Supplied information →
++++++++++++++++++++
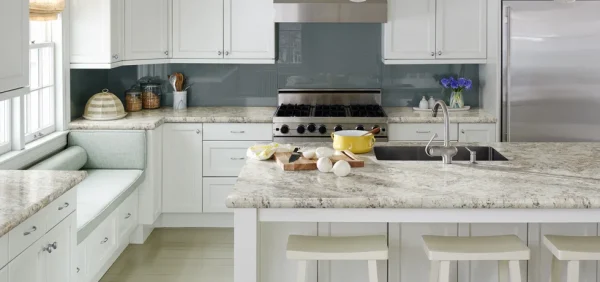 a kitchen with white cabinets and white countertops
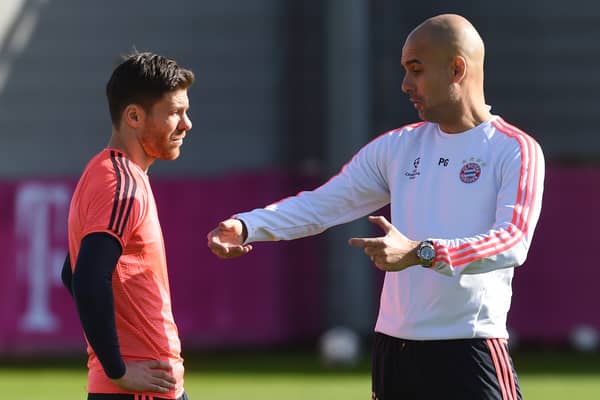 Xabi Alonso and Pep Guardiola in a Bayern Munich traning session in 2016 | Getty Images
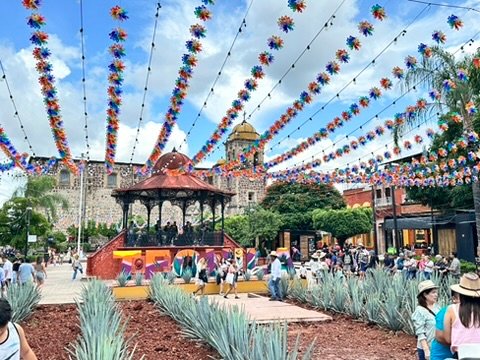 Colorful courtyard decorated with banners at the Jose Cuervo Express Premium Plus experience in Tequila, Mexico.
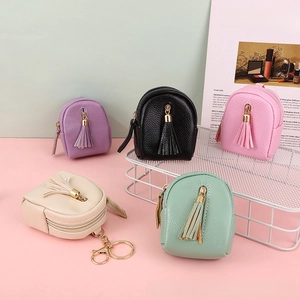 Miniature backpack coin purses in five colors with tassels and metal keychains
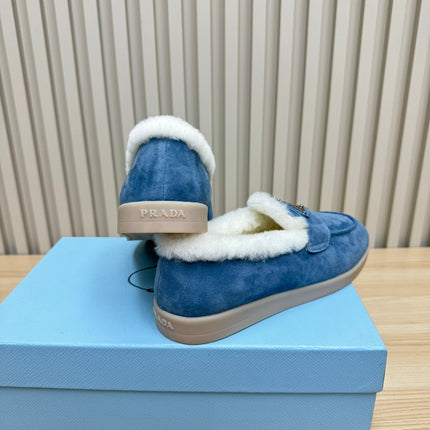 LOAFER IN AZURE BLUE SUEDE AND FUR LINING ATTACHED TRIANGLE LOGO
++++++++++++++++++++
Task →
If any image appears in the entries, omit it and return the rest verbatim.

Answer to the exercise →
 a kitchen with white cabinets and white countertops
 Xabi Alonso and Pep Guardiola in a Bayern Munich traning session in 2016 | Getty Images
 Colorful courtyard decorated with banners at the Jose Cuervo Express Premium Plus experience in Tequila, Mexico.
 Miniature backpack coin purses in five colors with tassels and metal keychains
 LOAFER IN AZURE BLUE SUEDE AND FUR LINING ATTACHED TRIANGLE LOGO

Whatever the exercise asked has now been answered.